Si dev’essere fatta grande economia nella fase produttiva di High Life: di tutto il cosmo si vede un buco nero concettualmente rubato all’Interstellar di Nolan o qualche stellina che luccica a grandi distanze. Ciononostante, è più che sufficiente a trasportare lo spettatore in quella dimensione che è, innanzitutto, quella di un gruppo di criminali terrestri diventati feccia spaziale. La navicella su cui i protagonisti viaggiano è una prigione altamente tecnologizzata con tanto di fuck-box (…) e struttura per allevare feti. Anche qui, come detto prima, si è andati di risparmio e design minimale: qualche computer con processore 8bit, qualche led color arcobaleno, fine.

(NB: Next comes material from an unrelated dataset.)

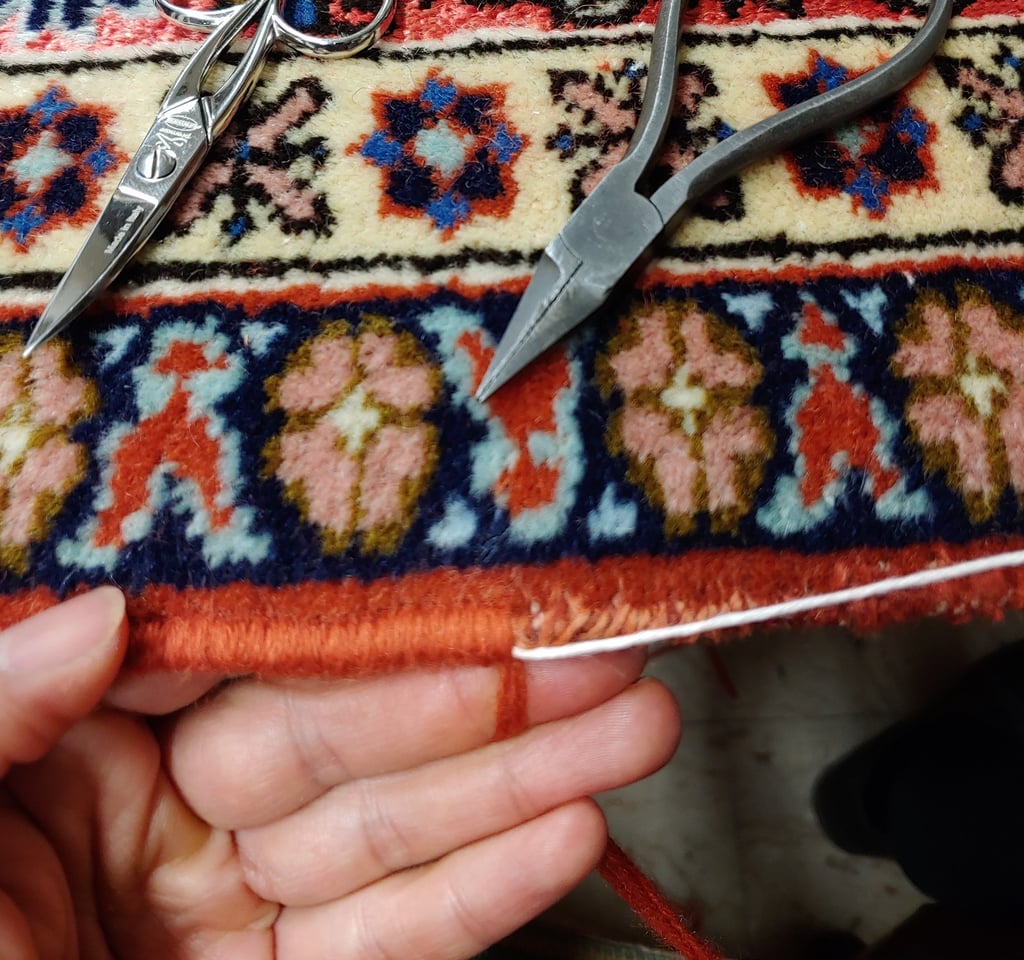 restauratore che esegue con maestria la ricostruzione dei bordi su un tappeto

Accantonando il discorso tecnico-stilistico, la seconda considerazione da fare è che -per quel che racconta- High Life sembra uscito fuori dalla penna di Margaret Atwood (The Handmaid’s Tale, Alias Grace). Il lungometraggio di Claire Denis amalgama insieme la ritualistica ossessione odierna legata alla fecondazione (sia essa venga accolta gioiosamente o auspicata, sia avvenga il contrario) e lo sguardo verso un futuro dove il neonato perfetto, laddove con perfezione s’intenda la capacità di sopravvivere, venga creato in laboratorio, utilizzando provette e proteggendo la creatura dalle radiazioni solari. Una sorta di star child cullato da una sciamana dello sperma con una figa di plastica.

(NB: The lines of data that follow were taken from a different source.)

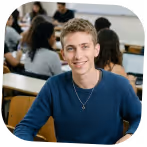 Smiling young man wearing a blue sweater and necklace sitting in a classroom with students in the background.
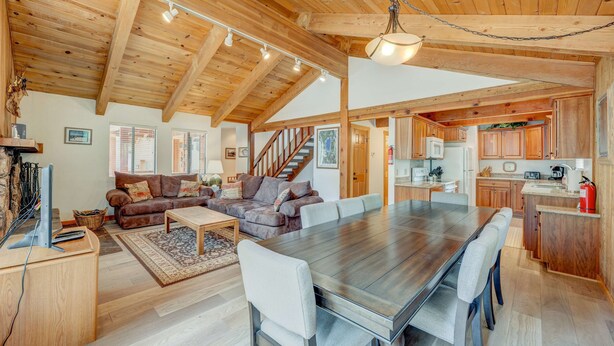A spacious living area with a large wooden dining table, a sofa set, and a kitchen with wooden cabinets and a built-in stove.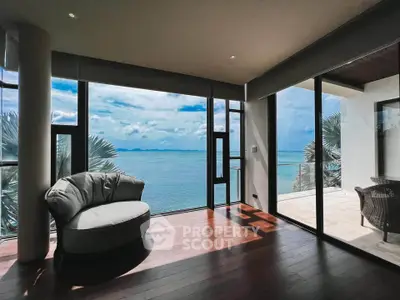Luxurious oceanfront living room with panoramic sea views and elegant wooden flooring.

Sopravvivenza. Violenza primordiale. Ritorno a condizione primitiva. L’asse su cui si sposta High Life è governato da queste tre coordinate. Non esiste, sulla faccia della terra e oltre, nulla di più naturale che la riproduzione. Il sesso, l’inseminazione, la gestazione. Nulla di più naturale, ma non più la cosa più semplice del mondo, evidentemente. Lo spettro della sterilità e del non portare a buon fine una gravidanza oscurano le prospettive del domani fino all’annientamento dell’individuo. E non è più solo questione di fantascienza o meno.